Work item: Your copy should start at the line with "198 Blaine Lakeshore" and end at the line with "Pflaume im Honig 250g" in the data below. Transcribe only those lines, exactly, pictures excluded.

Data provided:
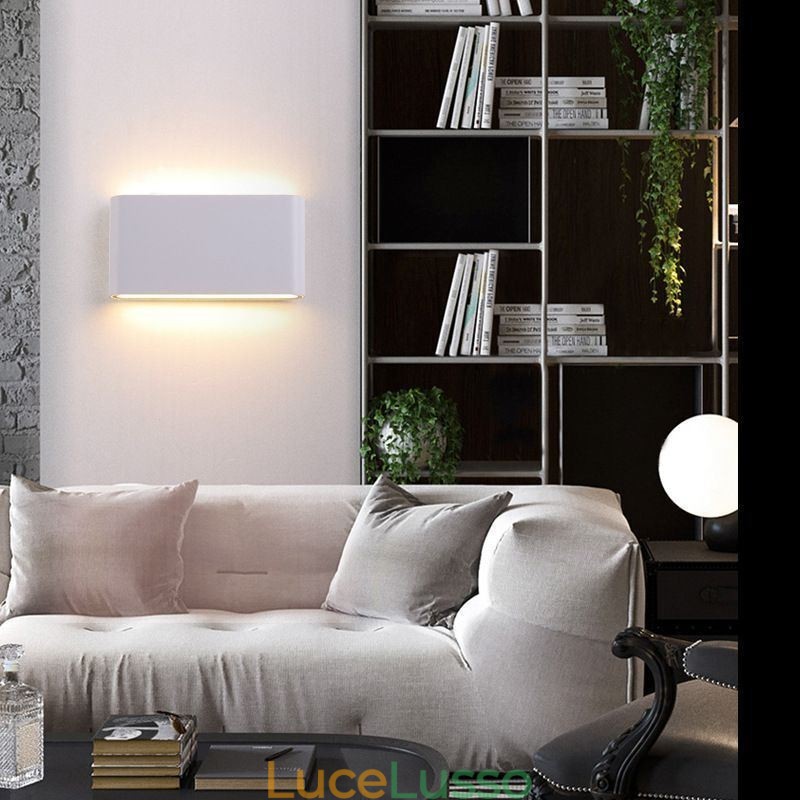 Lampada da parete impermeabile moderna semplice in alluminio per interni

* * *

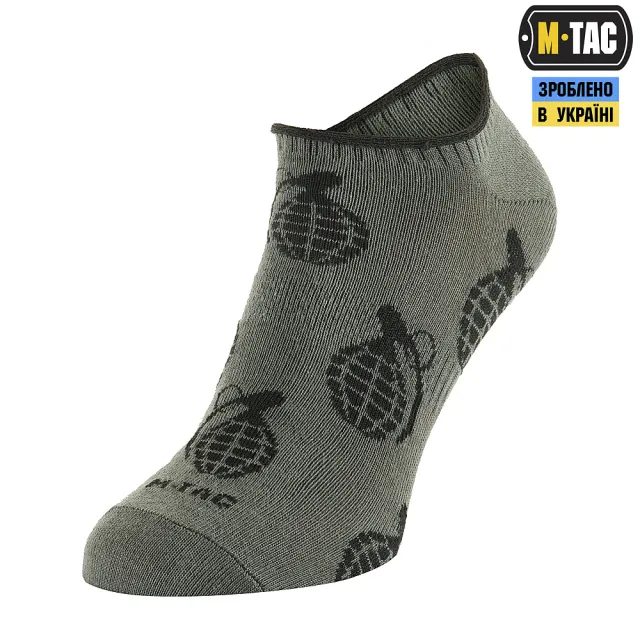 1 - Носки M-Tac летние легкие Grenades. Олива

==

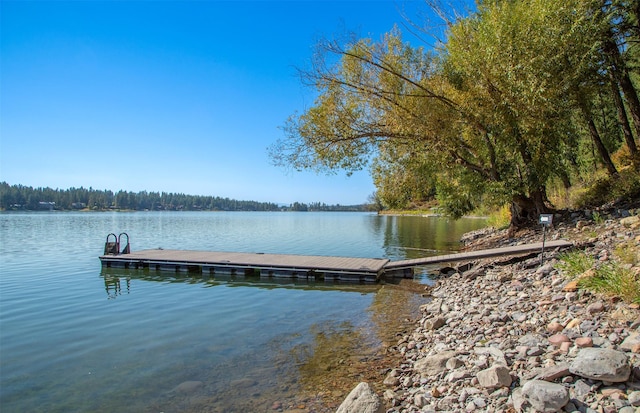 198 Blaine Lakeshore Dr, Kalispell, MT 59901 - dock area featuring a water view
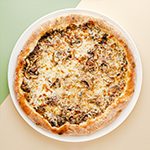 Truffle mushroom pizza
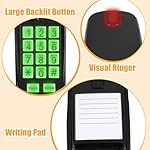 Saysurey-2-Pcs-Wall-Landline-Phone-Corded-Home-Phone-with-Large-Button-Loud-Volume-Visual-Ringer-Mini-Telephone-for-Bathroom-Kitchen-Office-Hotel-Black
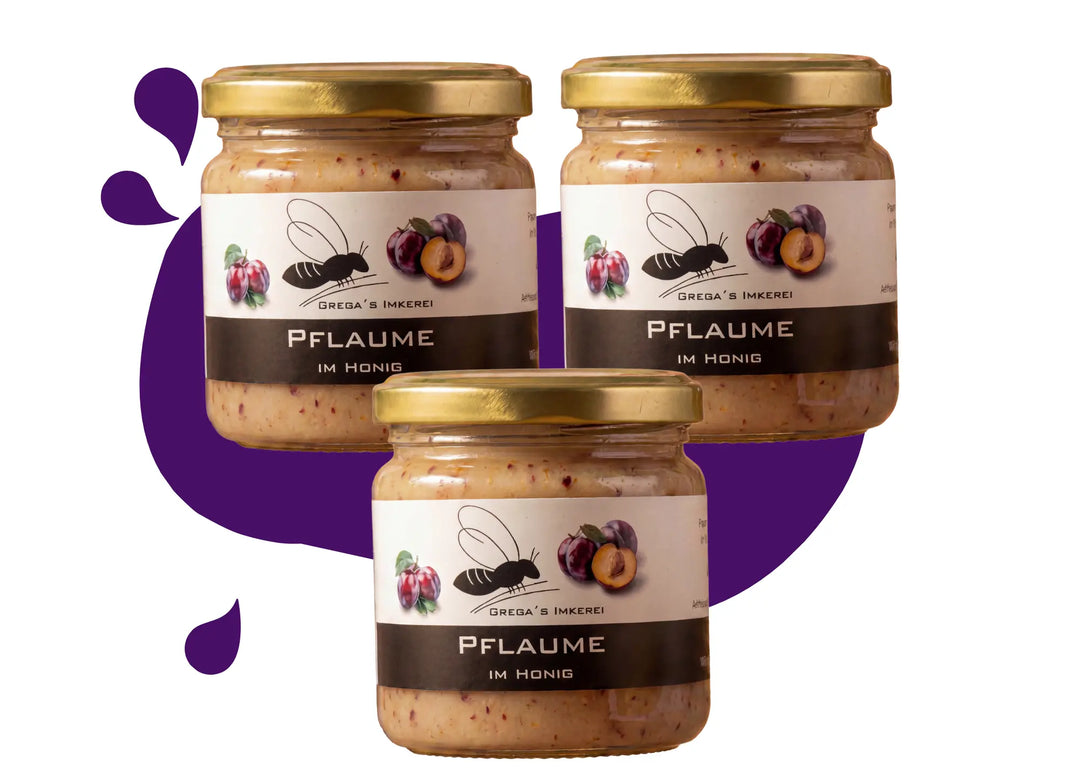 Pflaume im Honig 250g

Response box:
 198 Blaine Lakeshore Dr, Kalispell, MT 59901 - dock area featuring a water view
 Truffle mushroom pizza
 Saysurey-2-Pcs-Wall-Landline-Phone-Corded-Home-Phone-with-Large-Button-Loud-Volume-Visual-Ringer-Mini-Telephone-for-Bathroom-Kitchen-Office-Hotel-Black
 Pflaume im Honig 250g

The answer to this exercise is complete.